Deuteronomy 29:29, "The secret things belong unto the Lord our God, but the things which are revealed belong to us and to our children forever, that we may do all of the words of this law."
I'm not sure why, but this verse really caught my attention this morning as I read my Bible. As I looked at this verse, I found it interesting to think that there are secret things that we will not know, but there are also things that God reveals to us in order for us to do something with those things.
An example that comes to my mind is the future... our future.
Growing up, I always wanted to know what God had in store for my future. There were times when I thought it would be cool to see what my kids would look like just so I'd know a little better what my husband looks like. You may laugh at that fact about me, but it is the complete truth. I wanted to know right away what God was doing, where He was leading, and what would happen next... but normally, that wasn't how God would work.
Instead, God would give me one instruction that I was to follow, even though it didn't always make sense to me because I didn't have the whole story. All I could see was what He chose to reveal to me.
I found that when I'd ask God what I was supposed to do with the rest of my life, He wouldn't give me a set in stone answer as to my entire life story. Instead, He would give me an instruction such as, "Be faithful in the little things right where I have you today." Instead of showing me the outcome of my life, He would instruct me in something and then ask me to trust Him with the outcome.
What God taught me through all of this was how to walk by faith and how to live in the present instead of in the future that is so unknown to me. What I had to finally accept was that although my future is unknown to me, I can trust God to take care of my every tomorrow because He already knows.
Now, looking back, I see how what I really wanted all along was to be in control of my life. I wanted to feel like I had some type of power over what happened. There are choices that I make that will affect my future, but quite honestly, God is the One Who is in control.
It all comes down to walking by faith... not by sight. There were moments in my life where God would impress it on my heart to not go somewhere, but I had to walk by faith because I thought, "Now where am I going to go then, Lord?" He still didn't always reveal to me the next step, but He gave me another instruction or word of comfort such as, "Taylor, you never know what is right around the corner." Today, I get to look back and see just how much He has blessed me after following Him one step at a time, and I can say it's worth it!

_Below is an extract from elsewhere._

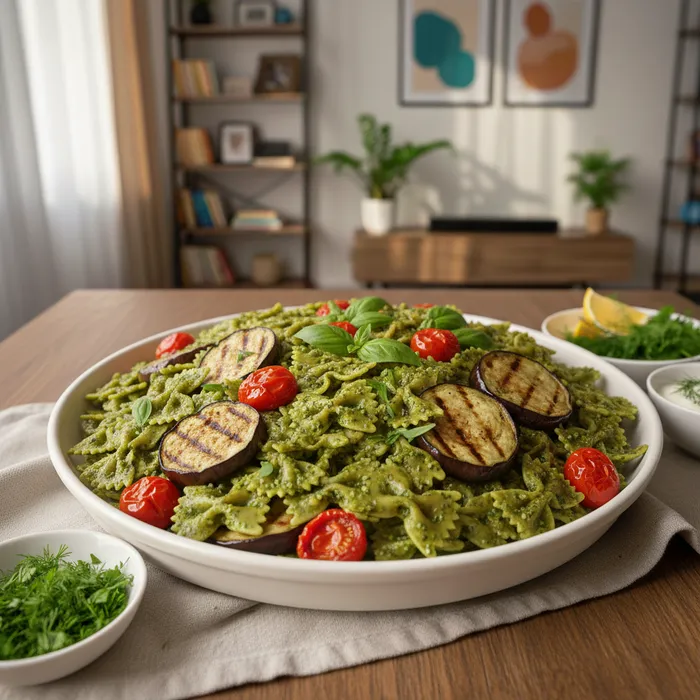 Паста с песто и овощами. Фото сгенерировано нейросетью Nano Banana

Maybe you are wanting to know what is going to happen next. I encourage you to ask God to help you to let go of your desire to be in control and instead begin walking by faith... following God one step at a time. We don't know what tomorrow holds usually, but we can have peace in knowing the One Who knows.
Dear Heavenly Father,
I spent most of my life trying to have all the answers to my future, but I found that those were secret things that You weren't going to reveal to me until a later time. Instead, You asked me to walk by faith and follow You one step at a time. I pray that You will help me to follow You wherever You lead, trusting that You have a good plan for my life, and I can trust You with my today and with my every tomorrow. I pray this in Jesus' Name.